Abbas claimed that Israel had committed “50 Holocausts” against Palestinians.

The remarks, during a news conference in Berlin alongside German Chancellor Olaf Scholz, sparked outrage in Germany, Israel and beyond. Scholz said Wednesday he was “disgusted by the outrageous remarks” made by the Palestinian Authority president.

He also rejected the use of the term ‘apartheid’ to describe Israel.

Police confirmed a report Friday by German daily Bild that Abbas was being investigated for possible infringements of laws making it a criminal offense to downplay or deny the Holocaust.

Abbas’ statement is consistent with replacement theology which denies the involvement of Palestinian leadership in the tragedy under Amin al-Husseini (pictured touring concentration camps with German high command) and the result is Nakba inflation, in which massacres of Jews by Arabs in the Middle East, including expulsion and cession of land owned by Jews, some 100 000 square km of deeded property, is rendered invisible.

Nether remarks by Abbas or Sholz received media coverage in South Africa.
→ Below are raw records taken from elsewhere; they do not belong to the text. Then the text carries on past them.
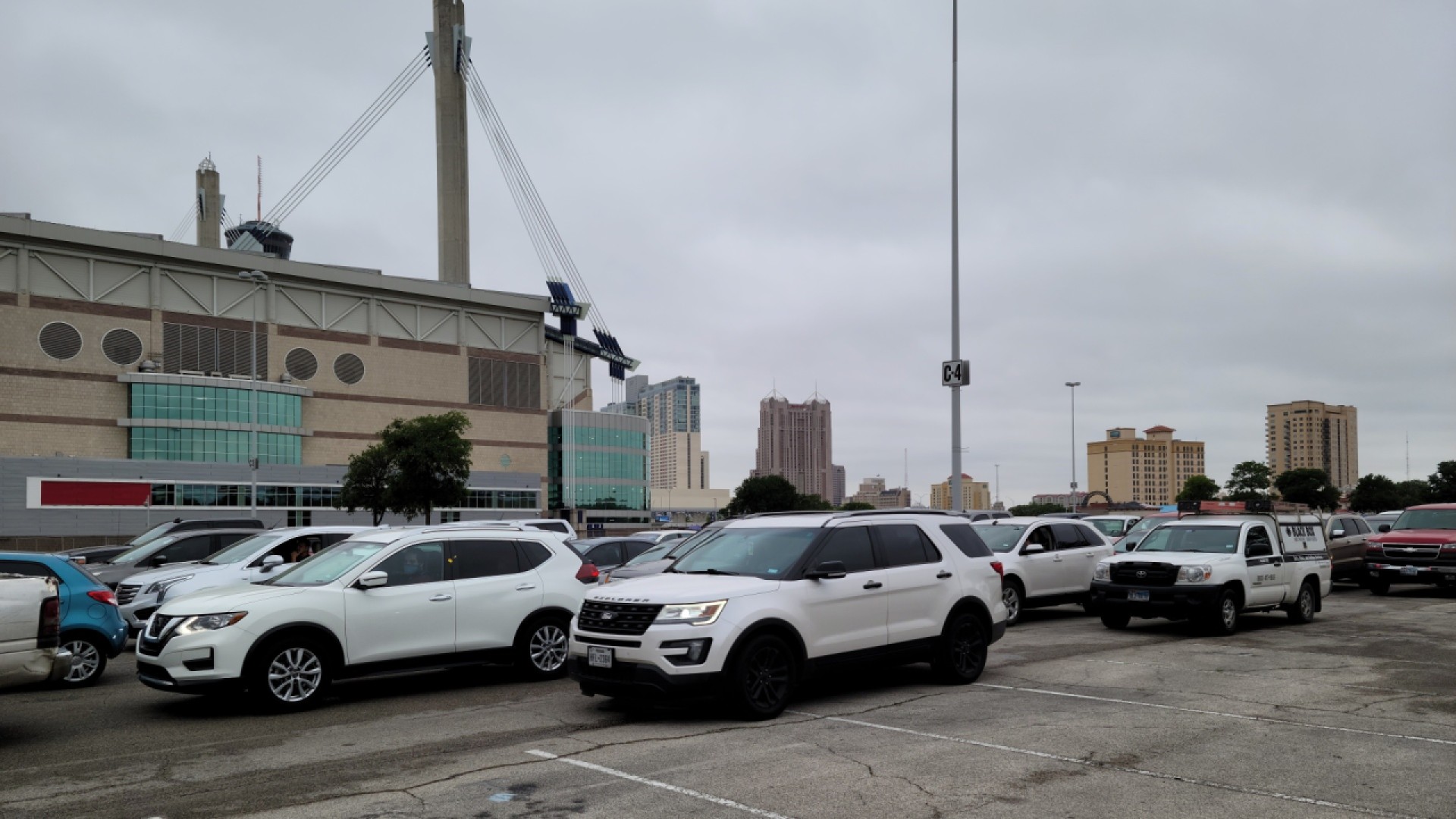 No Appointment Necessary Hundreds Show Up For City S Reservation Free Covid 19 Vaccines At Alamodome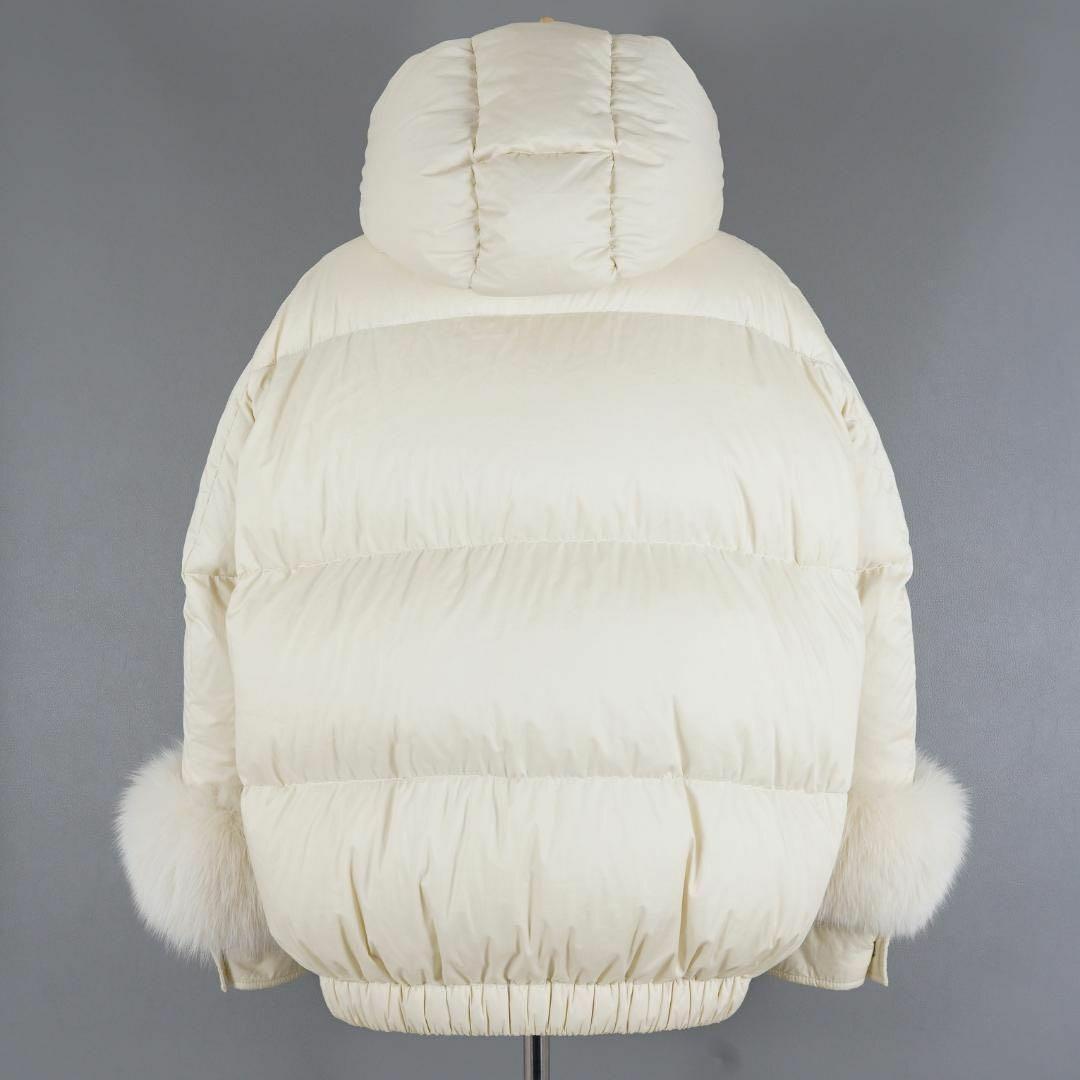 MONCLER フード付きダウンジャケット 袖ファー オフホワイト サイズ2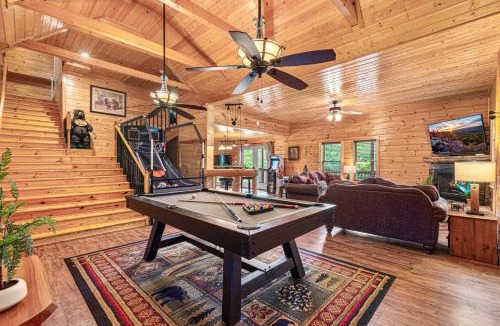 Whittier House | Sleeps 16 Lodge Near Bryson City, Arcade, Hot Tub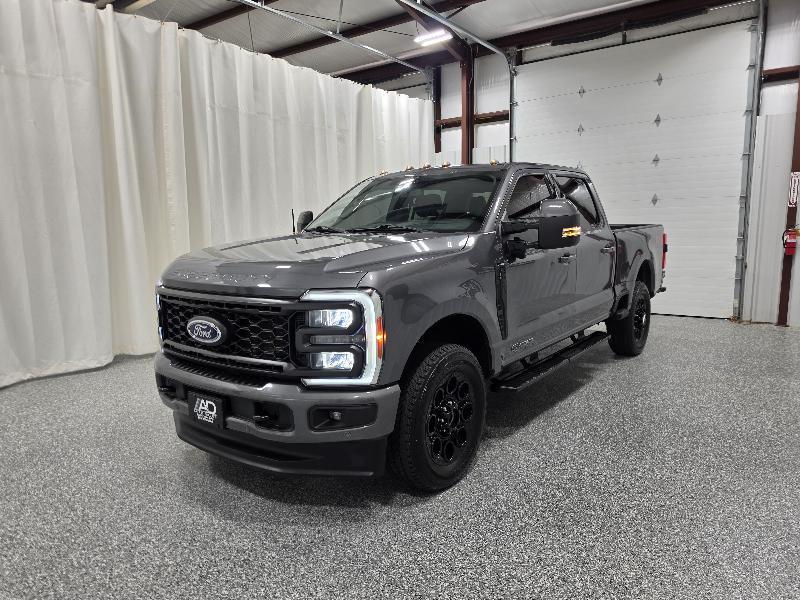 Ford Super Duty F-250 SRW Lariat 4WD Crew Cab 6.75' Box 2023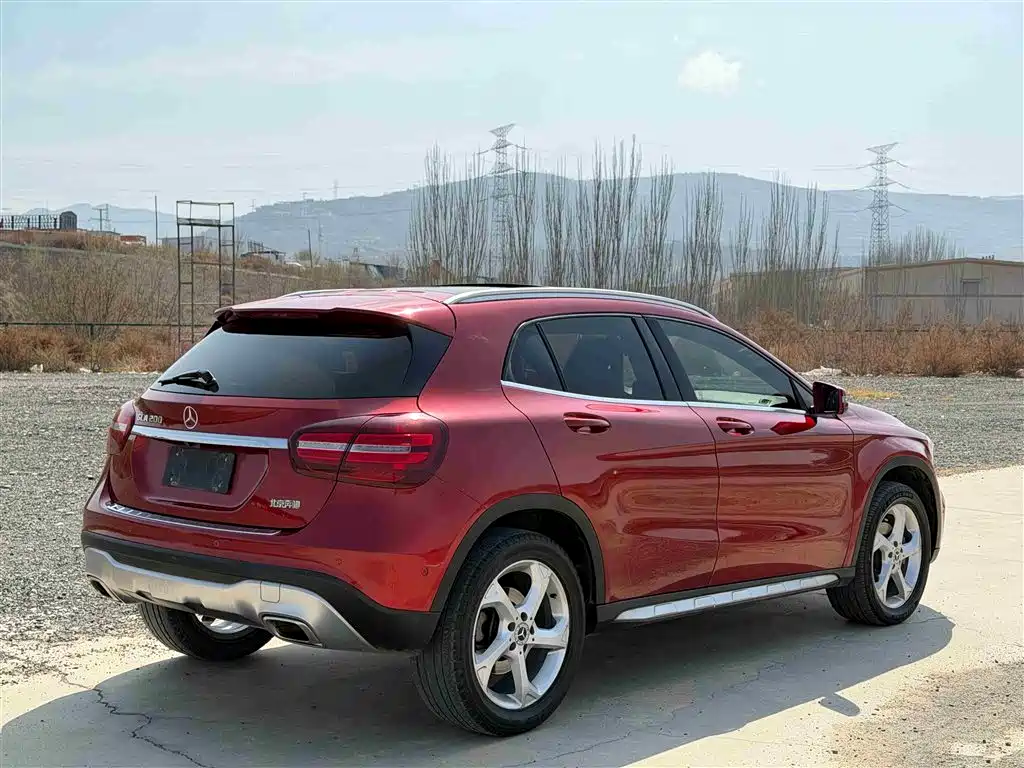 Mercedes-Benz GLA 2018 GLA 200 Dynamic фото 4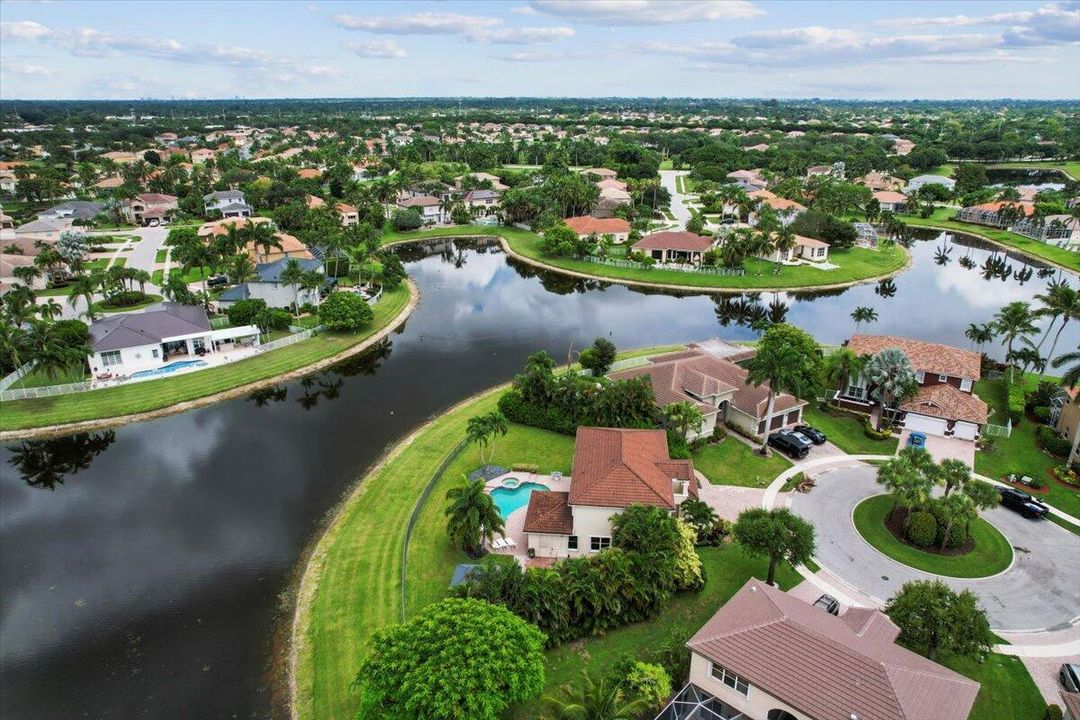 For Sale: $985,000 (4 beds, 3 baths, 2753 Square Feet)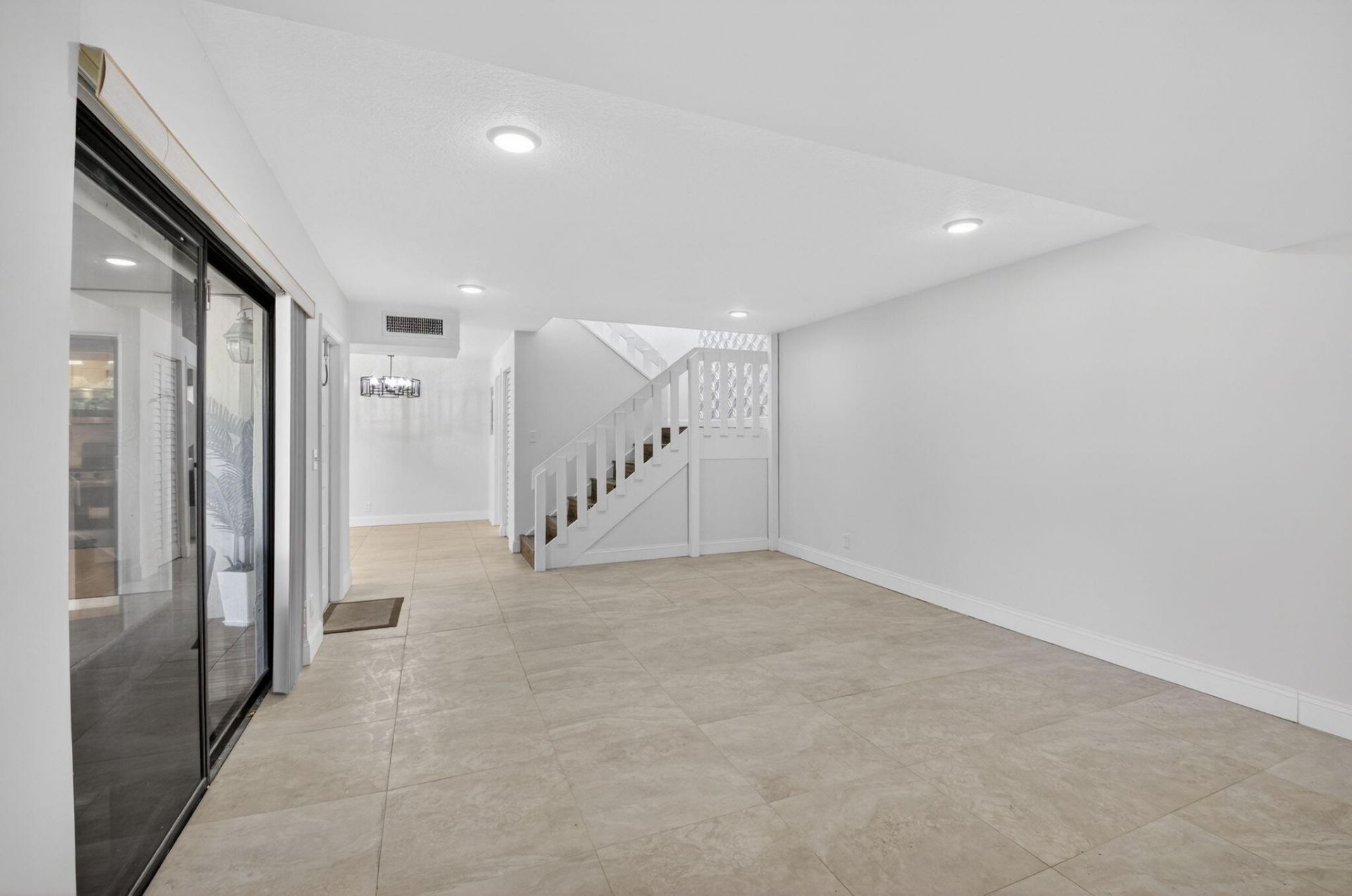 717 NW 29th Avenue, Unit B, Delray Beach, FL 33445 Photo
Instead, I awoke this morning to press releases from local rights organisations such as South African Jews for Free Palestine (SAJFP), objecting to seven Palestinian civil society and human rights organisations ‘forcibly shut by Israeli raids on Thursday’. A tragic case of injustice versus injustice in which both parties to the conflict feel emboldened to deny the rights of the other?

The reasons offered by Israel seem to be allegations the organizations are being used as ‘fronts for terror activities’. JFP were quick to point out this was a common accusation made during the State of Emergency under apartheid. Whether the result actually translates into apartheid is another matter.

One can only hope the SAJFP is as vocal in its objection to Holocaust denial and will provides readers with an explanation as to why there is currently no Secular Freedom Charter in a struggle which purports to be analogous to the struggle against apartheid.